Парторг Голубинь в этот летний день был одет во все белое — белая рубашка, белые брюки и пиджак из рогожки, белые туфли и слегка кремовый галстук. От этого его лицо казалось еще более красно-рыжим, оно совсем не загорало на солнце, кожа была веснушчатой. Голубинь по-прежнему внимательно разглядывал Прохорова, хотя думал явно о чем-то постороннем.
— Я знаю о вашей деятельности, товарищ Прохоров, — сказал Голубинь. — Я имел возможность делать наблюдения над работой следователя Сорокина и нахожу, что ваша деятельность является более разносторонней…
Расставив точки над всеми «и», парторг Голубинь взял со стола три карандаша, сложил вместе, начал беззвучно перебирать их в пальцах; карандаши были цветные — красный, желтый, синий, — они в рыжих пальцах парторга выглядели красиво. И Прохоров, удовлетворенно кивнув, полез в карман за сигаретой.
— Меня интересует мастер Гасилов, — сказал Прохоров. — Коли вы уже все знаете, то вам наверняка известен мой интерес к его трудовой деятельности и личной жизни. — Прохоров немного помолчал. — Может быть, вам это покажется странным, но Гасилов имеет отношение к гибели комсомольца Столетова… Именно поэтому мне хочется в беседе с вами пополнить рабочий и домашний портрет Петра Петровича Гасилова.

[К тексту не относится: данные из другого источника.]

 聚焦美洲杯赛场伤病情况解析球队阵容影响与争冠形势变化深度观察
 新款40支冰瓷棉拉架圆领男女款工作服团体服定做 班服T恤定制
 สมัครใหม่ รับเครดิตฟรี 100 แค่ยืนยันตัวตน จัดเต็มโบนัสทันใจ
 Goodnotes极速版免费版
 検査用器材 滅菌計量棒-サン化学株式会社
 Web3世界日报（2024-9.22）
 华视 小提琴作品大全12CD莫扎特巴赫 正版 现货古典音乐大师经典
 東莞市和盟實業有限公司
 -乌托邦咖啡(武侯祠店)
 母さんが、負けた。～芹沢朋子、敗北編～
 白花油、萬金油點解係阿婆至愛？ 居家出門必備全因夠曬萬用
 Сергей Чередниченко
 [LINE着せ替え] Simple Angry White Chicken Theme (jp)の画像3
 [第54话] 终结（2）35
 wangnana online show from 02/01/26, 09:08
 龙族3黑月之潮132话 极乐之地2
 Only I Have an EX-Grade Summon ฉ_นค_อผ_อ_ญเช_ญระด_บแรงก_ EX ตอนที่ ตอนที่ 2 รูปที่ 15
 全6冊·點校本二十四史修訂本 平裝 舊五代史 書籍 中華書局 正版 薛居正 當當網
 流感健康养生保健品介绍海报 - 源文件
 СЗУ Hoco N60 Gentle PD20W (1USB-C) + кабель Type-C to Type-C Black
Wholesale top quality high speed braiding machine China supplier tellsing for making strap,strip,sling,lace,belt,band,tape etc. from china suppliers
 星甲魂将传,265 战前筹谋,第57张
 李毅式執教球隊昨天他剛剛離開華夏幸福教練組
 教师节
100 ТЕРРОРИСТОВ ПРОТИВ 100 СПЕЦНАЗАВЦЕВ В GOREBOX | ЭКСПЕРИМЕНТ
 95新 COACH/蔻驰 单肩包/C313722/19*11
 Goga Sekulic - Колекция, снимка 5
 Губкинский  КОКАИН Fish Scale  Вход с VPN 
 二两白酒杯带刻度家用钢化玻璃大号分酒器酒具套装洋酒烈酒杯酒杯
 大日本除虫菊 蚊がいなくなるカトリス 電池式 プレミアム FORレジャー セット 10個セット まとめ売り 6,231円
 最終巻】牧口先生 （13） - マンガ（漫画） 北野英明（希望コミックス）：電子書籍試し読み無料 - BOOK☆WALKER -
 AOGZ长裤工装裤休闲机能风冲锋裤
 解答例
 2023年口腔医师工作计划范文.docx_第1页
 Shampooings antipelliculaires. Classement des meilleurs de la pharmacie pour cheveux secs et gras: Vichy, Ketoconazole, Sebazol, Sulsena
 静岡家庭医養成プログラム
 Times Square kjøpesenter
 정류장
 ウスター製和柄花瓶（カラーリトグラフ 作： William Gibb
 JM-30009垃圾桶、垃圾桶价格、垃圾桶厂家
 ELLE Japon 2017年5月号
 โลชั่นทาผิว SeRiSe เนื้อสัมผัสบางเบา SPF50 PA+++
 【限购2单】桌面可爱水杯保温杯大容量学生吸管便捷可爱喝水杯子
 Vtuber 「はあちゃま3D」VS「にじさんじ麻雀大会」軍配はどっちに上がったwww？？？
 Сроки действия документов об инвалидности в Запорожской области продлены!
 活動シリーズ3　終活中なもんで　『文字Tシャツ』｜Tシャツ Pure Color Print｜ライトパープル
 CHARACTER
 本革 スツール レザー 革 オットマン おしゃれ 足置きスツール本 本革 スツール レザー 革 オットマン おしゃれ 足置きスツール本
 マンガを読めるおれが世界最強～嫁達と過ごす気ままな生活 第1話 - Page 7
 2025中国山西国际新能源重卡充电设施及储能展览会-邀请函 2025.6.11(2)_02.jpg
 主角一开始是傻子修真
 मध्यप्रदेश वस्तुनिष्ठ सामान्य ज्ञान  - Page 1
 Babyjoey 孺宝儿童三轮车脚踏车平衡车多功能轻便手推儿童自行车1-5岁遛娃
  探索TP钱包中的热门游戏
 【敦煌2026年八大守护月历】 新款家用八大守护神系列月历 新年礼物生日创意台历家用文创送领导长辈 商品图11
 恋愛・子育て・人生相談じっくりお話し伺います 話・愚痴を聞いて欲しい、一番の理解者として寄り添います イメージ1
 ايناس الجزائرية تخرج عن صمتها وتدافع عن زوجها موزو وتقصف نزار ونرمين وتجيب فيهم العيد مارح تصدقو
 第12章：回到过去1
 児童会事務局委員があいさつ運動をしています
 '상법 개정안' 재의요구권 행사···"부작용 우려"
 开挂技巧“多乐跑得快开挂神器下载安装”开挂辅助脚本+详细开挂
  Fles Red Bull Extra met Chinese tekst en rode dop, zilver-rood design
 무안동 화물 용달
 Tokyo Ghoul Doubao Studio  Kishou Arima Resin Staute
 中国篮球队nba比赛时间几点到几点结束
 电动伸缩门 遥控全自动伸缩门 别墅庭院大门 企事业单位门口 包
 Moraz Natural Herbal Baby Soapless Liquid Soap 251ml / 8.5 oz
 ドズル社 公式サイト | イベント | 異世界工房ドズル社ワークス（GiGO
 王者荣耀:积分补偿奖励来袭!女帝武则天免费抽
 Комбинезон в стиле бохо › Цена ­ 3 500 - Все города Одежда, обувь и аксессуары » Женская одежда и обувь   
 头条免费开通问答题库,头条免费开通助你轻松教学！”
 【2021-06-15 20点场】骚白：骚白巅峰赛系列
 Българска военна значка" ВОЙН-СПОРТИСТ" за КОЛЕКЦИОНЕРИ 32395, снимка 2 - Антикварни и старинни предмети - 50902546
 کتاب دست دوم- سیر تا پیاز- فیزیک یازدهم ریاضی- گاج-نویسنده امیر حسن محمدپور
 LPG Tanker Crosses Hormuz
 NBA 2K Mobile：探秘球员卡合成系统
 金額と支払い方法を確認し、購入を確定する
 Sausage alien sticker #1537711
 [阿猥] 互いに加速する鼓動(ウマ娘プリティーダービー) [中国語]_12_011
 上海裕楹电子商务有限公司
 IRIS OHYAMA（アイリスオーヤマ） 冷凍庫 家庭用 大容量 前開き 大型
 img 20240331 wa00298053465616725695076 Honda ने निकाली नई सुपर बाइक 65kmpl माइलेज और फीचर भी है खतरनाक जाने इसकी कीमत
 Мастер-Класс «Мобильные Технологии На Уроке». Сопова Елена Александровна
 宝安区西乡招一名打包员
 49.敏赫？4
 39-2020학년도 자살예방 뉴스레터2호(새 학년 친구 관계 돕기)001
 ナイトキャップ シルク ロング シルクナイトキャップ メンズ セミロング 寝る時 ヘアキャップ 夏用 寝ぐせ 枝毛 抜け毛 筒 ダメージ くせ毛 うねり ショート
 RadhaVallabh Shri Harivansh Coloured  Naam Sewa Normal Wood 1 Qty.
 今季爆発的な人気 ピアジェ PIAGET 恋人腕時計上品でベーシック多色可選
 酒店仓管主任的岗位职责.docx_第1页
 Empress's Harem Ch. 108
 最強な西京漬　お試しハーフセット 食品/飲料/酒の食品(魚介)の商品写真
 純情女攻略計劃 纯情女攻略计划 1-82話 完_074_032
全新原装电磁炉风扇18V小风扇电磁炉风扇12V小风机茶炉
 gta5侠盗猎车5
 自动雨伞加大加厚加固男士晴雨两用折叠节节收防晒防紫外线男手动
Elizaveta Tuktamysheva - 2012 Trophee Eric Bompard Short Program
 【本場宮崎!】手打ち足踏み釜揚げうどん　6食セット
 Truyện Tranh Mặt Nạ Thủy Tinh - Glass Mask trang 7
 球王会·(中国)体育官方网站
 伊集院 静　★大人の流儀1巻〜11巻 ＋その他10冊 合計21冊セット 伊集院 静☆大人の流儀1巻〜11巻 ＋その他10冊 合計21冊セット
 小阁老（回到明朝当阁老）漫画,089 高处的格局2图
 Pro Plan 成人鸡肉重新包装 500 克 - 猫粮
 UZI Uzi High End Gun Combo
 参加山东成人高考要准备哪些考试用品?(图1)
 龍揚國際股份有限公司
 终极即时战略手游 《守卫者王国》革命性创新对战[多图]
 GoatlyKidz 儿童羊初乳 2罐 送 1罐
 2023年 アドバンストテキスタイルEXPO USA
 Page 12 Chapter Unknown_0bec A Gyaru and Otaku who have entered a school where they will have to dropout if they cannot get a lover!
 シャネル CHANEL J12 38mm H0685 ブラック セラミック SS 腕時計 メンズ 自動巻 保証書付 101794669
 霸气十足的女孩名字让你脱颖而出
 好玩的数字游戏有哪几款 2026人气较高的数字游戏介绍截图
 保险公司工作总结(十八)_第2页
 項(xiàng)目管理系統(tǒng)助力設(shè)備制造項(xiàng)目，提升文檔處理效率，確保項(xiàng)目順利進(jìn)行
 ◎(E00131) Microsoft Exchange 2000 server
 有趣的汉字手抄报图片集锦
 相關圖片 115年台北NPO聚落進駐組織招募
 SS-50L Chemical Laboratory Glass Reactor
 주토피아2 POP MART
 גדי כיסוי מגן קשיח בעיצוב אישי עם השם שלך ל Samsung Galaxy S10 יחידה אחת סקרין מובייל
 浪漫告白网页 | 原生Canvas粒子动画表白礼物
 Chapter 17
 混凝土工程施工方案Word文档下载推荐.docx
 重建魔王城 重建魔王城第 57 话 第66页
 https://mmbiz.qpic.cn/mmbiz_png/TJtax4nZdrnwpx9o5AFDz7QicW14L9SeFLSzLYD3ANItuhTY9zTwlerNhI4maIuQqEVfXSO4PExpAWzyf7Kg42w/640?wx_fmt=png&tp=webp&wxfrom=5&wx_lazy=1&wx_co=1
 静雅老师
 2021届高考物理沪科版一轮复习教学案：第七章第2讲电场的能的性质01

Парторг Голубинь спокойно слушал, и опять было понятно, что он знает о пристрастии Прохорова к личности мастера Гасилова, да и по утренней информации Пилипенко было известно, что Голубинь разговаривал с Бойченко, встречался накоротке с техноруком Петуховым, долго беседовал с Гасиловым. Таким образом, контроль за работой Прохорова был произведен дотошно, и в словах Голубиня о том, что ему пришлась по душе деятельность Прохорова, был подведен итог. Поэтому Прохоров затаенно улыбнулся, не принужденный к тому, чтобы поддерживать непрерывный светский разговор, с любопытством подумал: «К чему это прислушивается Голубинь?» — так как парторг прислушивался к чему-то такому, что происходило не в кабинете, а за его стенами.